** Aim of the task **
Starting at the line below that contains "Green Tree Near the Beach Photo" and ending at the line that contains "علت شل شدن و گندیدن برگ سانسوریا + درمان آن", retype each line exactly as it stands, but omit the pictures.

** Provided data **
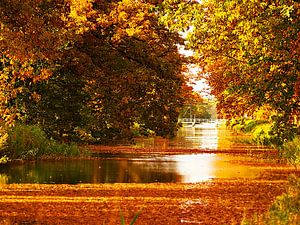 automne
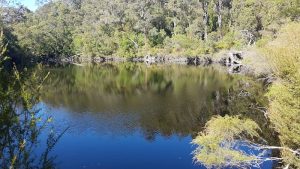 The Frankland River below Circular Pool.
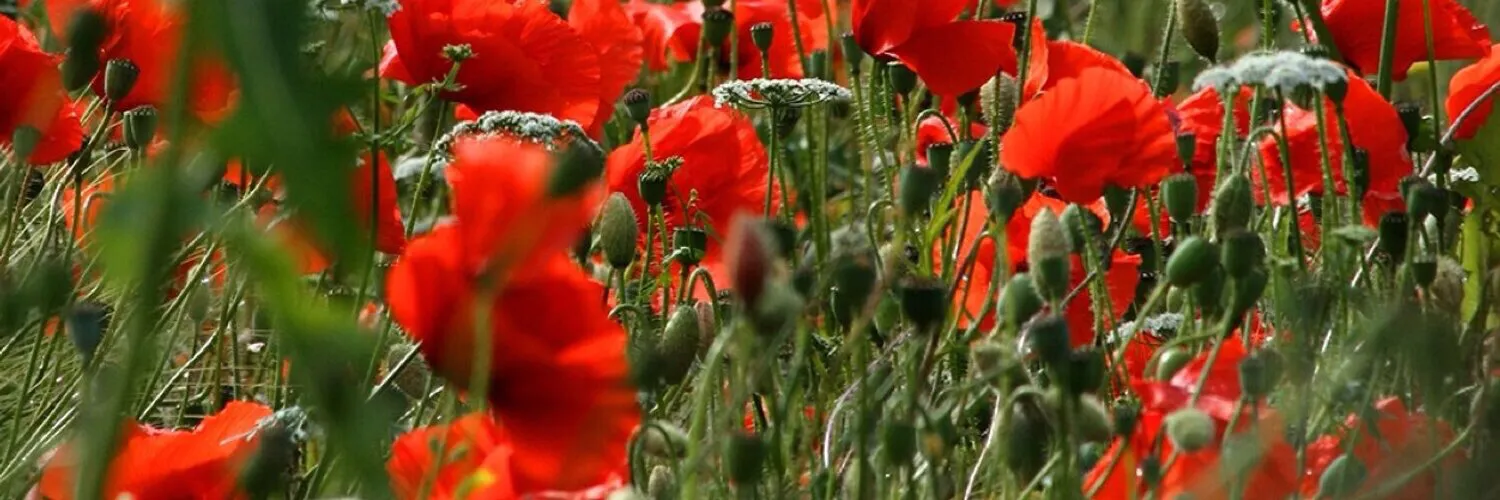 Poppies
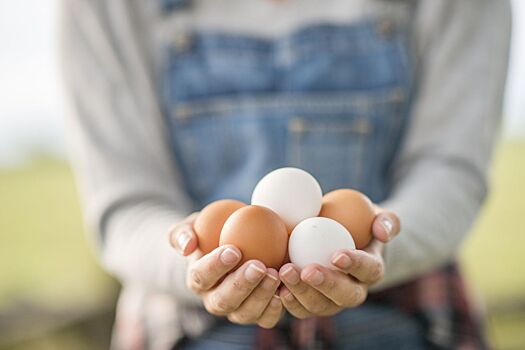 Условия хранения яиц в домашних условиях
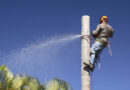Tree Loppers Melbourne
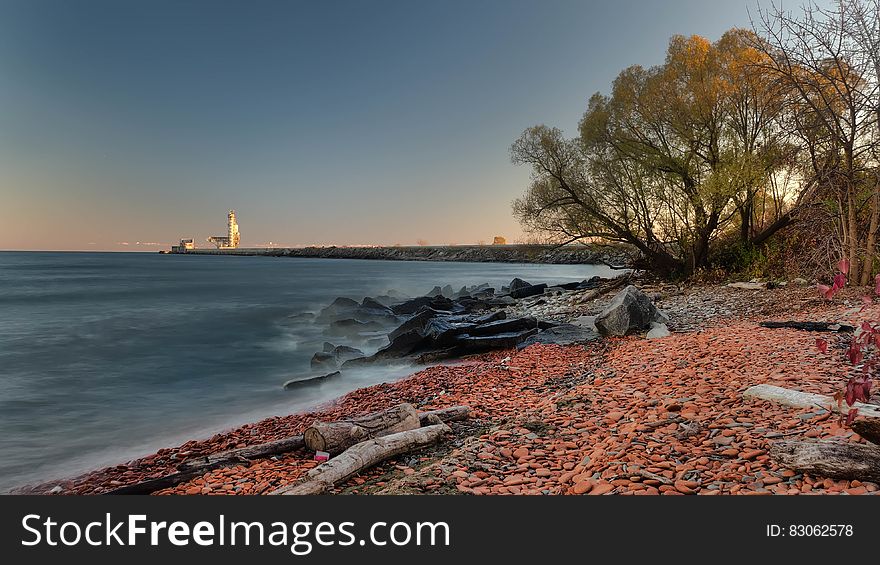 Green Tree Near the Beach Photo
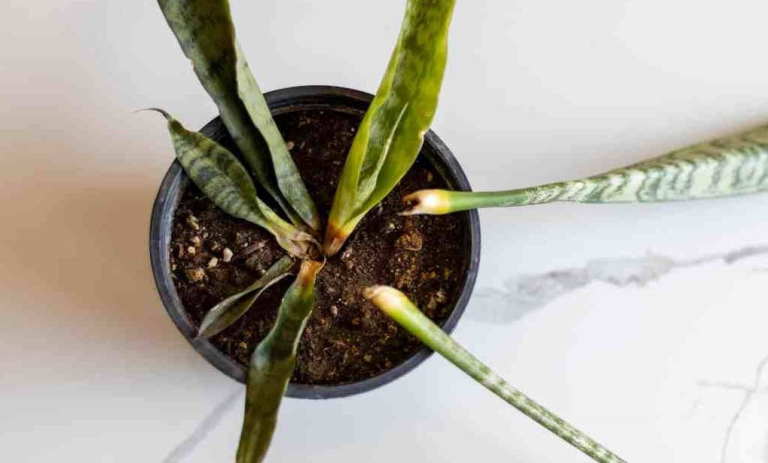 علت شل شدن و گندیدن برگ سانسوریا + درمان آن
==
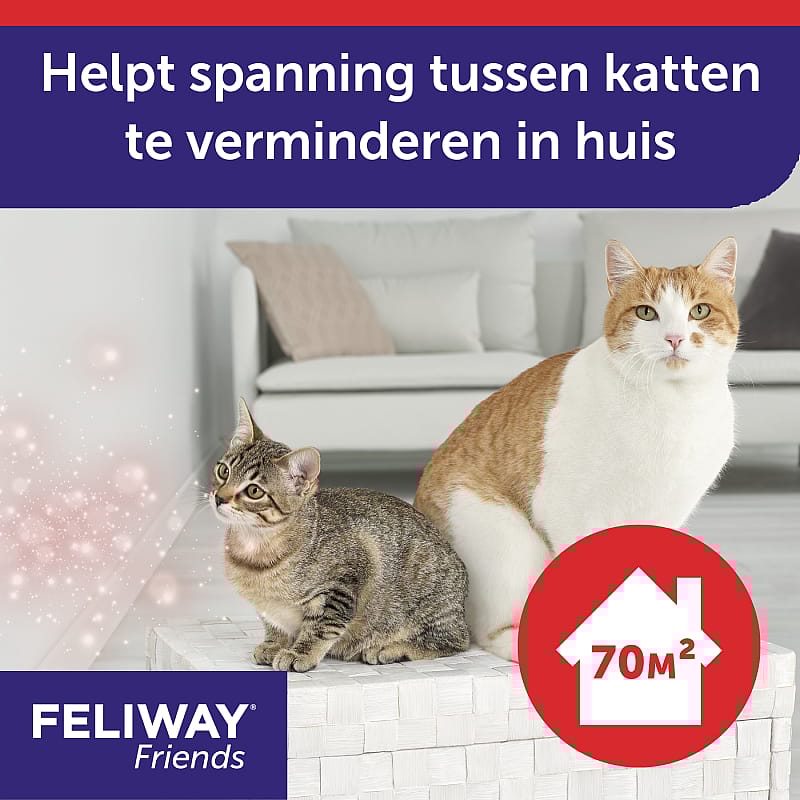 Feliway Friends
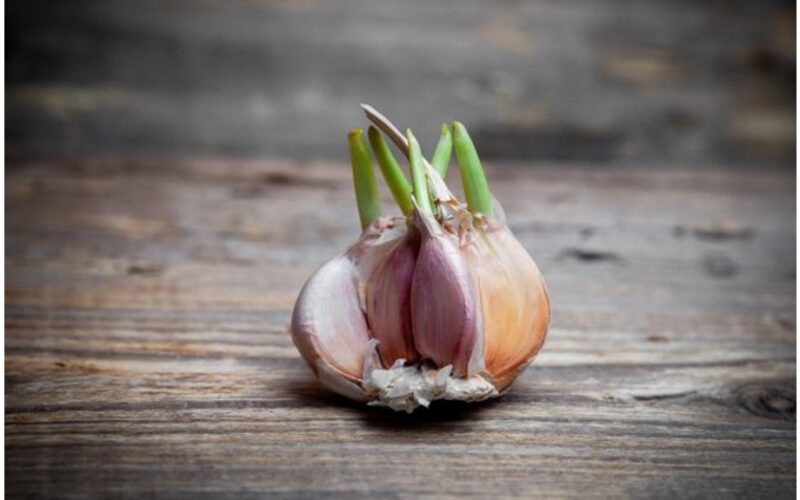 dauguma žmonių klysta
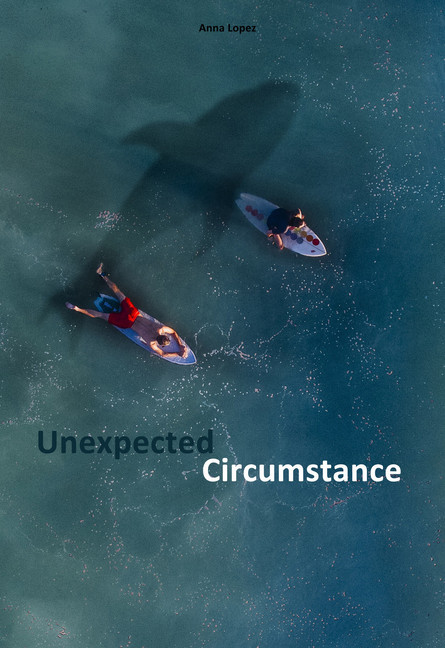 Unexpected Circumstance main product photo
--
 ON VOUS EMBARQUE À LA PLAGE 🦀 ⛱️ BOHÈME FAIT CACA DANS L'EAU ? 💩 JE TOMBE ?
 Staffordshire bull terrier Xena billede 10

** Task output **
 Green Tree Near the Beach Photo
 علت شل شدن و گندیدن برگ سانسوریا + درمان آن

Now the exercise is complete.